Solar installation, moreover, has been a godsend to the struggling construction industry. Nationwide, there are almost seven hundred thousand construction companies of all sizes, employing more than seven million people. Many residential companies have been pushed to the edge since 2008, especially in mill towns and rural areas, where manufacturing jobs have been growing scarce and new home construction has lagged. The tax credit prompted many of those firms to switch to offering residential solar-energy installation. There are now ten thousand solar businesses in the country, located in every state and employing about a quarter of a million people. The tax credit helped them by turning householders who may have been wary of the unfamiliarity—and the cost—of solar power into more or less confident buyers.
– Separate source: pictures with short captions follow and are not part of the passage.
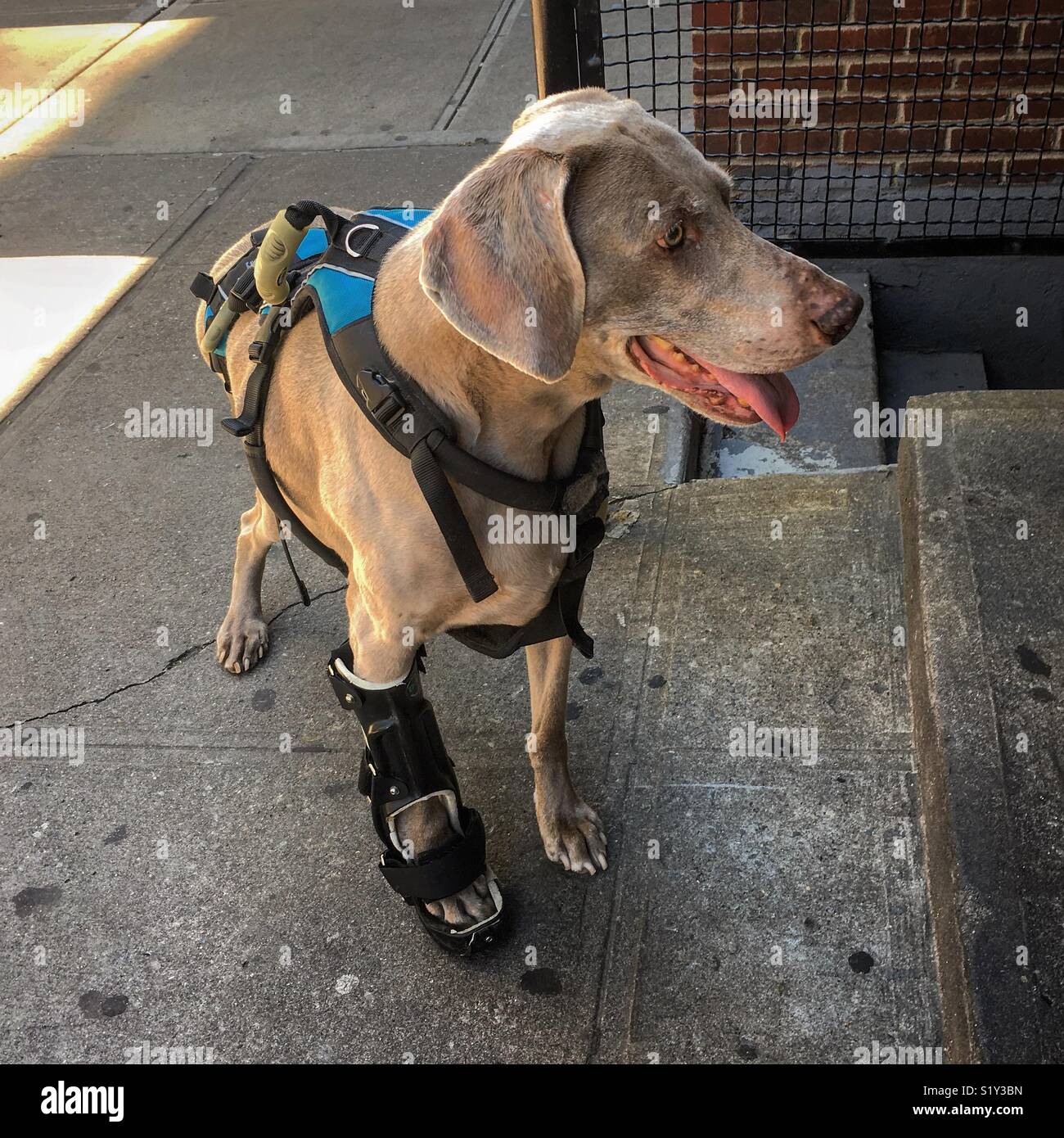 What Is A Dog Leg In A Road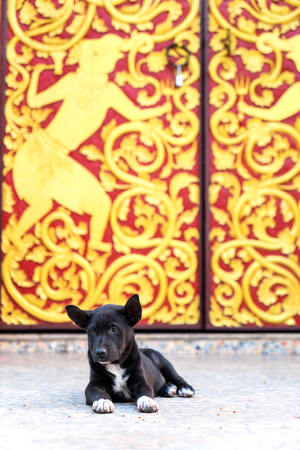 Little black dog lay on floor at entrance of Thai templeの写真素材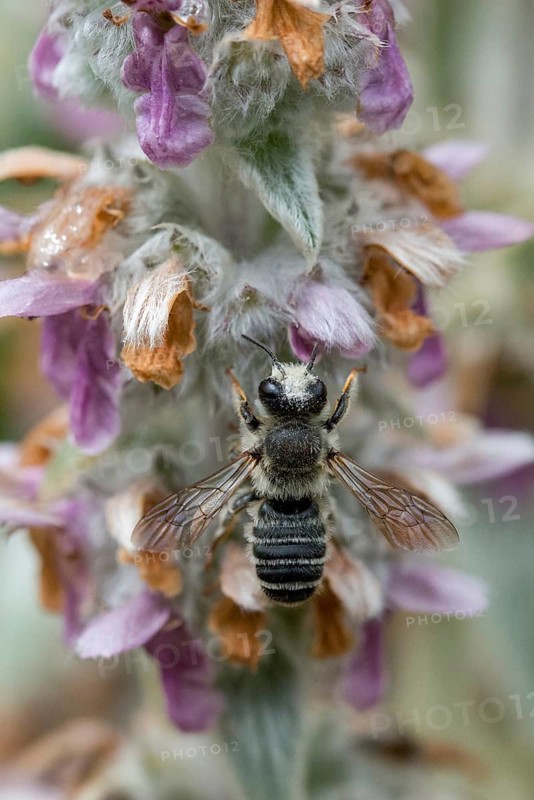 Leafcutter bee, brown-footed leafcutter, colorful leafcutter bee, hymenoptera, megachile versicolor, megachilidae, different color leafcutter bee, high size, portrait format, insects, wild bees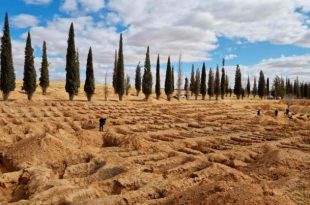 Libya: UN finds new evidence of mass graves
My wife and I were just such householders. Last summer, we installed a solar tracker on our home, in rural New Hampshire; it’s an array consisting of twenty solar panels, mounted on a galvanized steel frame and pylon and connected to a smart piston, which rotates and pivots throughout the day, following the sun. Our tracker was designed to produce, on average, just under ten thousand kilowatt-hours per year. That’s about what our home consumed in 2017 and 2018. The fully installed system cost more than thirty thousand dollars—a serious investment. And one might think that New Hampshire is hardly a place to invest in solar energy, given the long winters of short days. We did, until we looked more closely at the numbers.
In New Hampshire, the winter months normally see a spike in demand for natural gas for heating, which tends to drive up electricity prices. The average price of a kilowatt-hour is about twenty cents for residential customers, which is among the highest in the nation, owing in part to the cold. So our total annual cost for delivered power (ten thousand times twenty cents) is about two thousand dollars—a hundred and sixty-seven dollars a month. Our tracker, we figured, would compensate us for this sum by replacing much of the electricity that we’d normally have to buy in the winter and by allowing us to sell excess power to the utility company in the summer, albeit at a rate slightly lower than what we’d have paid for it. It would take about sixteen years to pay off the system; with the tax credit, however, it would be paid off in eleven years. After that, the power would be free.
Sixteen—or even eleven—years may seem a long time for older homeowners, like us, but the logic of the investment is even clearer if, like us, they borrow to buy the installation. In our case, the question was do we keep paying a hundred and sixty-seven dollars to the utility company, or do we install solar technology and pay monthly installments to the bank? How much would we pay the bank? If we repaid the loan at the standard five per cent, over sixteen years, the monthly payment would be slightly less than two hundred and forty dollars—seventy dollars more per month. The tax credit, however, brings the tracker’s all-in cost down to slightly more than twenty-two thousand dollars—a monthly payment of a hundred and sixty-seven dollars, or exactly the actual cost of power. (There is also an added sum for the mortgage-interest deduction.) The credit meant that we could do something for the planet, the local bank, local business, and our community and pay not a dime more.